Aim of the task => Wherever a picture appears in the listing below, leave it out and reproduce the rest exactly.

Supplied material =>
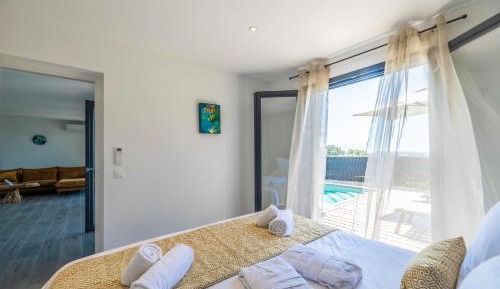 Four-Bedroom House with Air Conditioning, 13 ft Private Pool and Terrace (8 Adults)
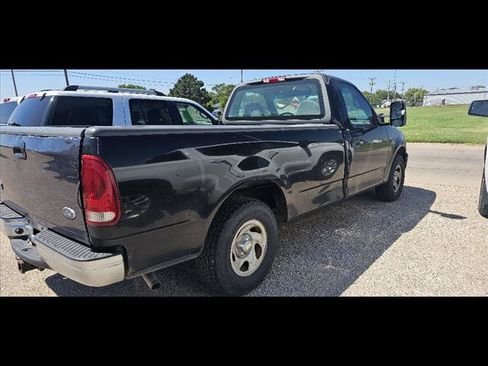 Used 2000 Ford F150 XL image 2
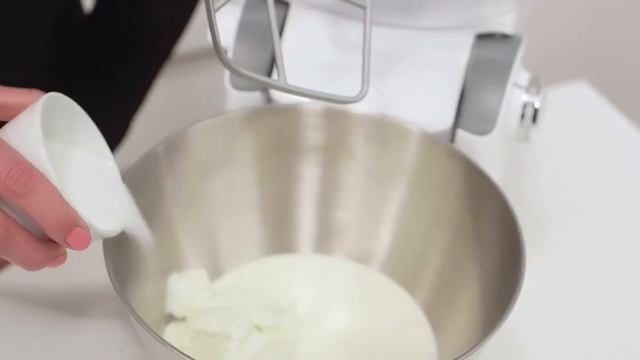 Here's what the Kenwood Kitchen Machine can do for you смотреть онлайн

Solution =>
 Four-Bedroom House with Air Conditioning, 13 ft Private Pool and Terrace (8 Adults)
 Used 2000 Ford F150 XL image 2
 Here's what the Kenwood Kitchen Machine can do for you смотреть онлайн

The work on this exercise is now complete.